(Data extract)

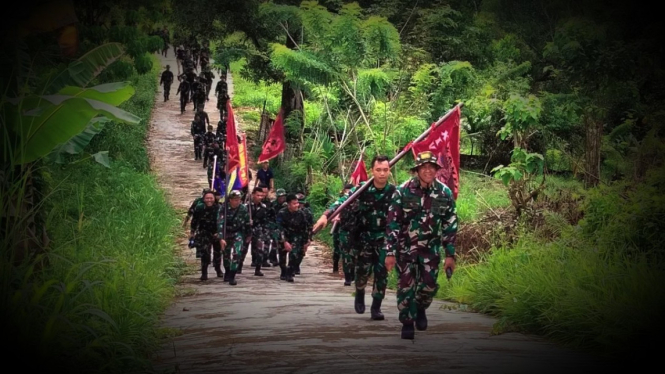VIVA Militer: Prajurit Yonmarhanlan XIV di rute Gunung Rafidin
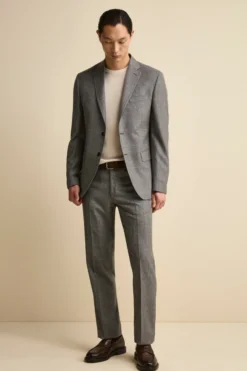 Abito Check Monopetto Regular Fit in lana Vergine - GALLES GRIGIO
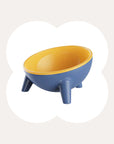 Contrasting Color Cat Bowl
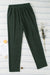Drawstring Straight Pants with Pockets-black forest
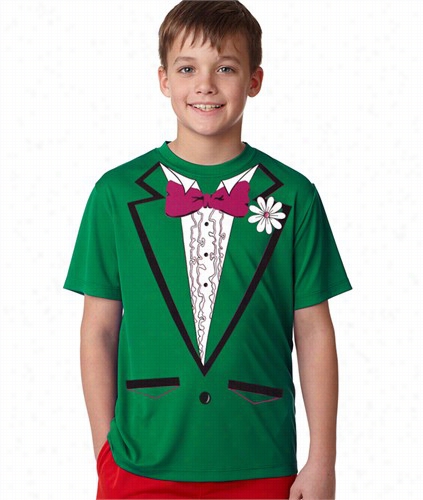 St. Patrcik's Day Tuxedo T-shirt For Ikds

(End Data extract)

• [Description of the task] Exactly as they appear above, write out all the entries, but not the images.

• [Your response]
VIVA Militer: Prajurit Yonmarhanlan XIV di rute Gunung Rafidin
 Abito Check Monopetto Regular Fit in lana Vergine - GALLES GRIGIO
 Contrasting Color Cat Bowl
Drawstring Straight Pants with Pockets-black forest
 St. Patrcik's Day Tuxedo T-shirt For Ikds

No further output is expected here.